Foi
em 27 de dezembro de 1969 que Mário Quinta enviou um “Bilhete” sob a
rubrica
“Do caderno H”, publicado no
Correio do Povo de Porto Alegre. Na
verdade, um poema de muitos versos que ele inicia citando um conceito do poeta
latino Valerius Flaccus, autor de
Argonáutica, relembrado diante da
pureza intocada da folha em branco na qual deseja escrever uma
mensagem de Natal. Mensagem que a página lhe diz ter sido enviada, já há muito,
pelos Reis Magos. O poeta recorda da estrela que eles tinham e se pergunta,
talvez atônito, onde ela está. Porque, no presente,
elas apenas
se mostram visíveis como as
estrelas
pirotécnicas / estrelas do mar / estrelas de generais... Hoje se esparramam
no céu em efêmeros espetáculos, em encantados mistérios de águas
verdes ou azuis, em realidades cruéis nesse
1969 em que os subterrâneos da ditadura guardavam seus segredos. Talvez razões
para que o poeta afirme ser melhor não falar nem escrever, apenas desenhar
coisas sem nenhum conceito. Épocas
existem em que os conceitos devem ser calados e não é dado saber qual deles o
poeta teria desejado enunciar. Cala e, crítico ou melancólico, acrescenta que
uma palavra qualquer
macularia uma pobre página, ainda nuínha como a
verdade. Assim, ainda que
toscamente,
quer desenhar a
Virgem, o Menino, o
burrico... A menção à figura materna
com seu filho e do animal, que o diminutivo suaviza, insere no poema, uma imagem
terna. Lirismo cujo tom se acentua nos versos seguintes ao se fazer mais
presente esse interlocutor a
quem o
poeta se dirige. Já presente no início do poema, agora, o poeta o enlaça neste
envio não de uma
idéia, mas de uma
visão: o desenho que deseja esboçar e
do qual adviria – a felicidade? a alegria?, a paz? – certamente um bem que sabe
ser propício a ele próprio e ao interlocutor:
o bem que isso nos faria aos dois.
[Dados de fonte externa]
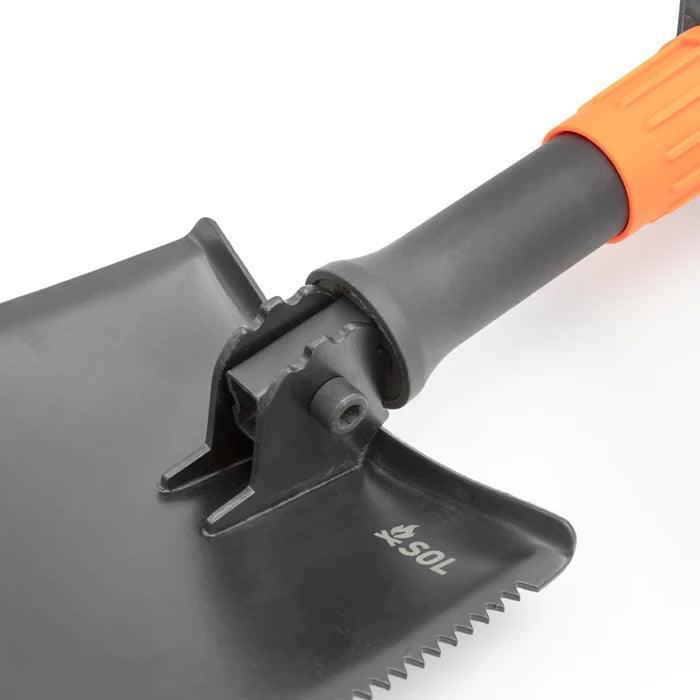 SOL packable field shovel with black blade and orange ergonomic handle on white background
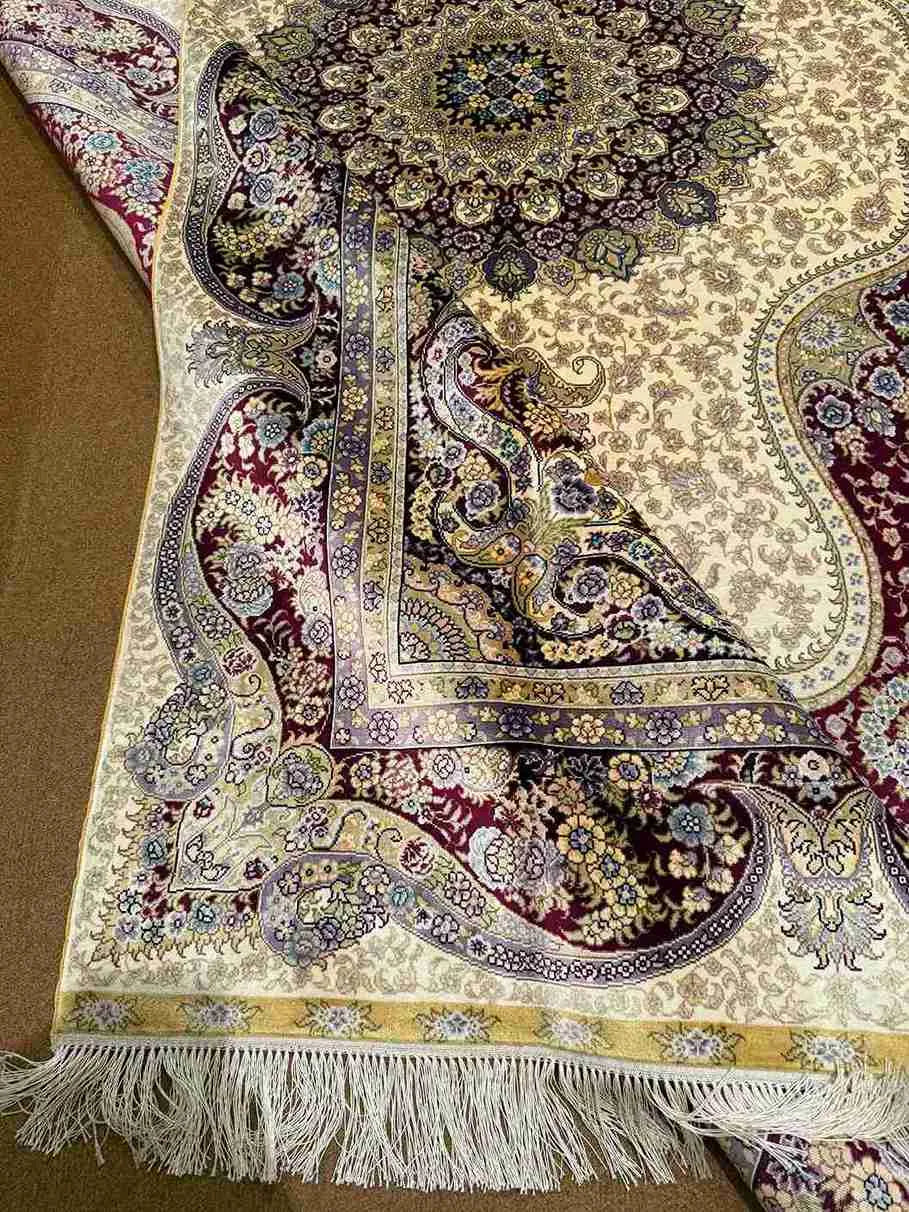 Folded handmade silk rug displaying texture and quality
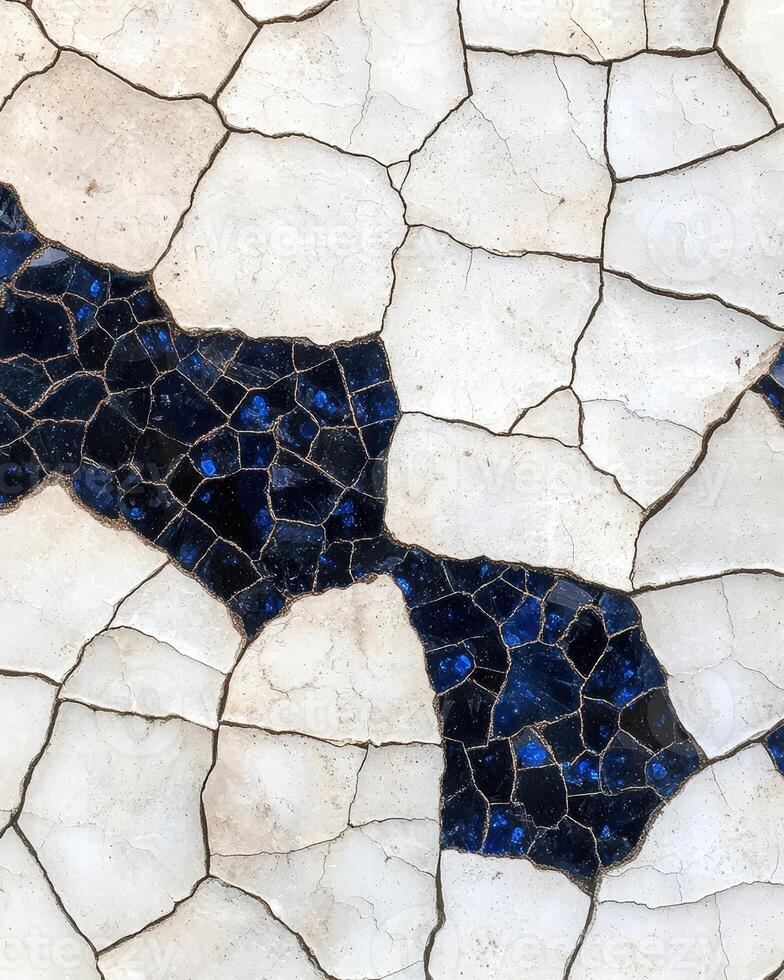 Cracked marble texture with blue gemstone accents photo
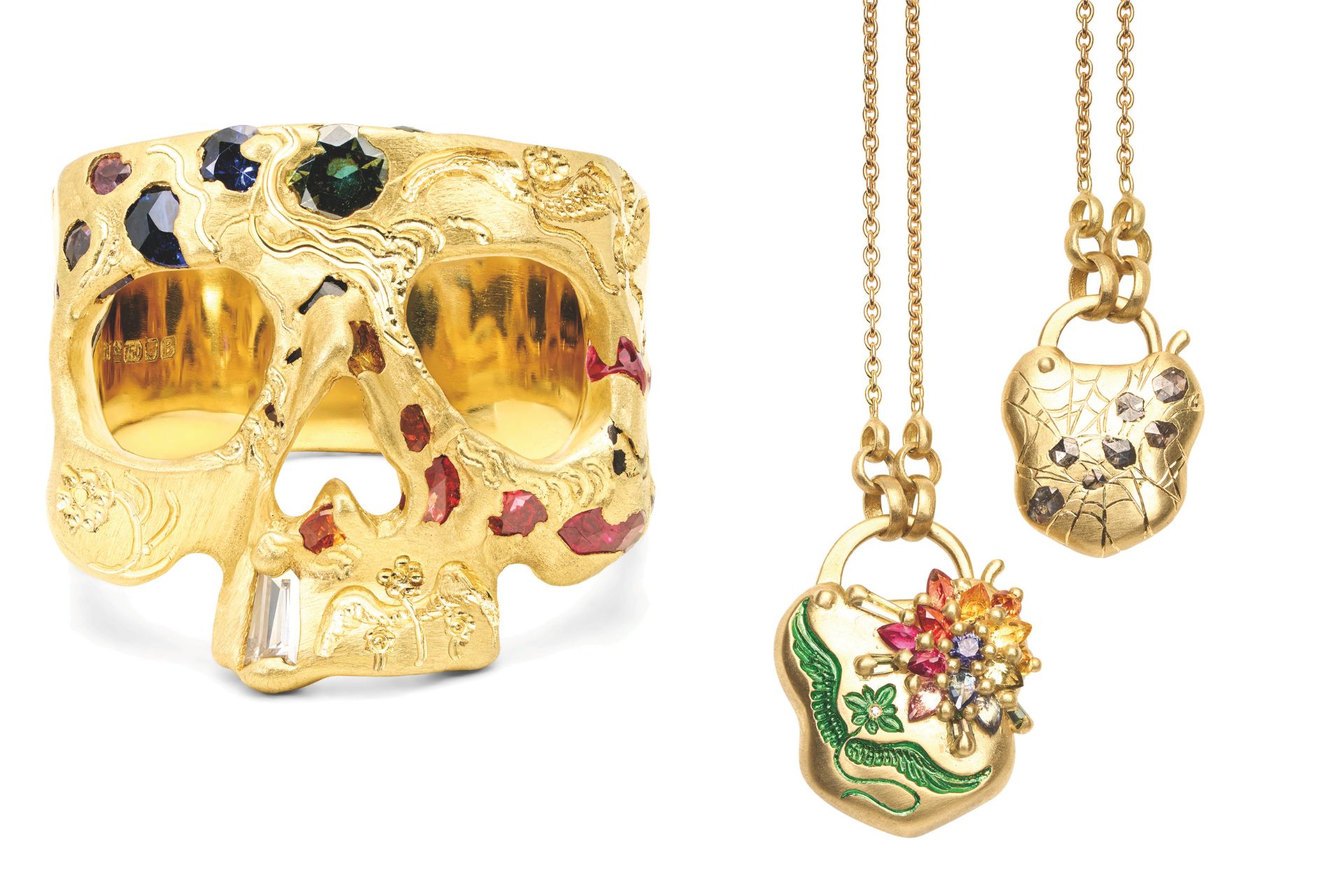 Gold jewel-encrusted skull ring and two gold jewel-encrusted necklaces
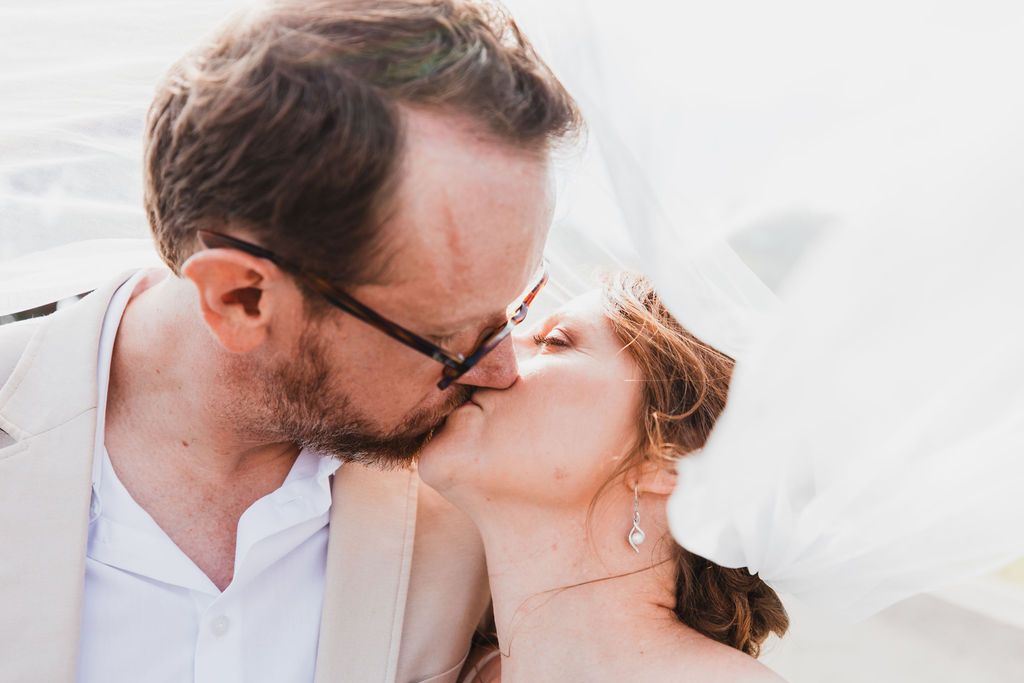 Claire House Photography social and wedding event photograph of a husband and wife kissing under her veil.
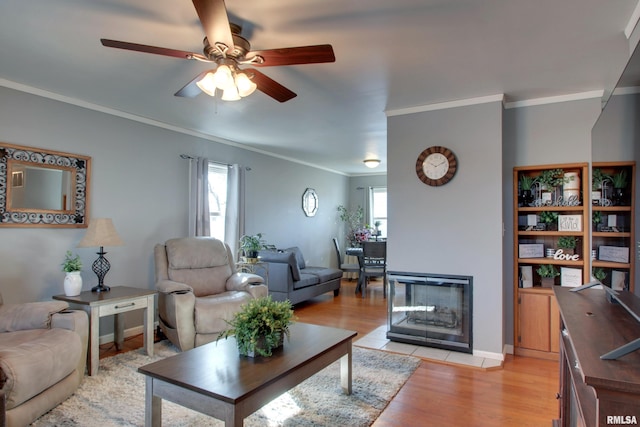 living area with light wood-style flooring, baseboards, a multi sided fireplace, and ornamental molding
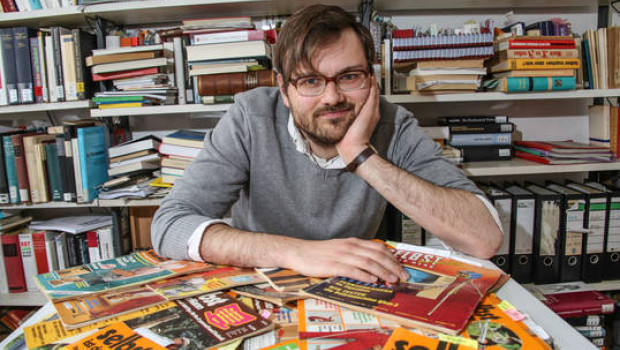 Jonathan Voges vor einer Auswahl "historischer" Heimwerkerzeitschriften (Foto: Leibniz Universität Hannover).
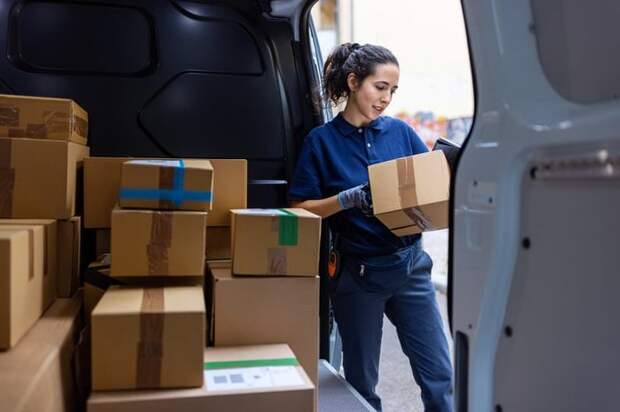 A woman checks a box in the back of a van full of boxes.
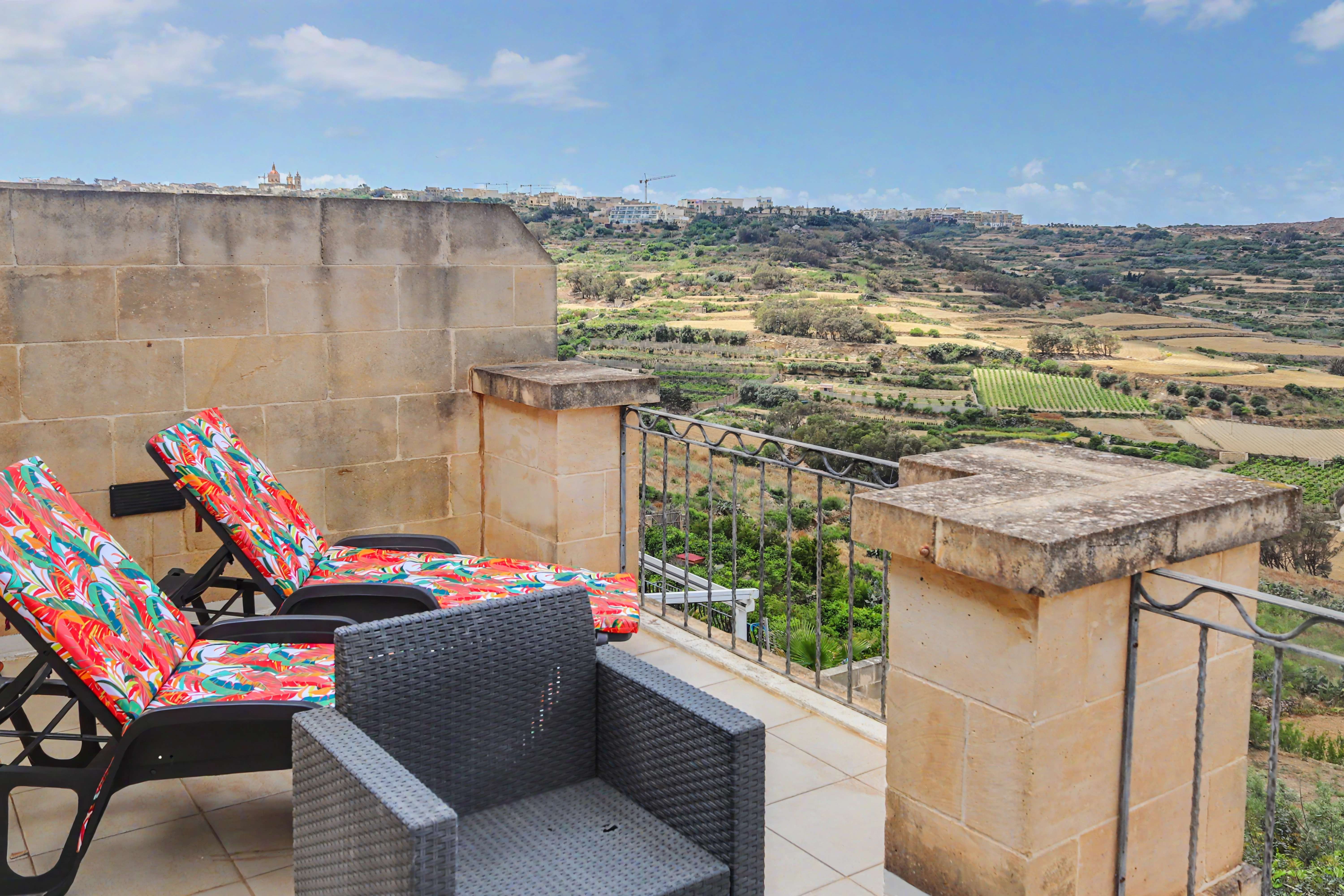 Terrace loungers valley view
Todavia, algo ainda a
conquistar, aprisionado que está nesse tempo de verbo no condicional a remeter
a um querer que não culmina no desejado mas, apenas do desejado se aproxima.
Esse bilhete
que se inicia remetendo a um poeta definido como arqui-sofista, que mais
adiante questiona o paradeiro da estrela dos Reis Magos e, sobretudo, afirma o
possível malefício de uma palavra contrapondo a ela o despojamento da verdade,
é um dos poucos poemas de Mario Quintana em que a sua vontade se expressa no
condicional. Se vislumbra o motivo de
seu desenho que o dia em que escreve o poema Hoje ,/ Dia de Natal, amplia, em sugestões, de certa forma, o dilui,
ao enunciar que será feito toscamente
o que, no entanto, pode significar pureza e ingenuidade. Se aponta para o bem
que tal desenho fará, o verbo imagina,
imperativo que dirige ao interlocutor, torna esse bem anunciado para si e para
ele, uma hipótese.
Na verdade, na
hesitação em querer e não querer dizer, na ingenuidade do desenho almejado, os
versos desse Bilhete revelam, principalmente, um ingênuo desejo do poeta de
compartilhar um sonho.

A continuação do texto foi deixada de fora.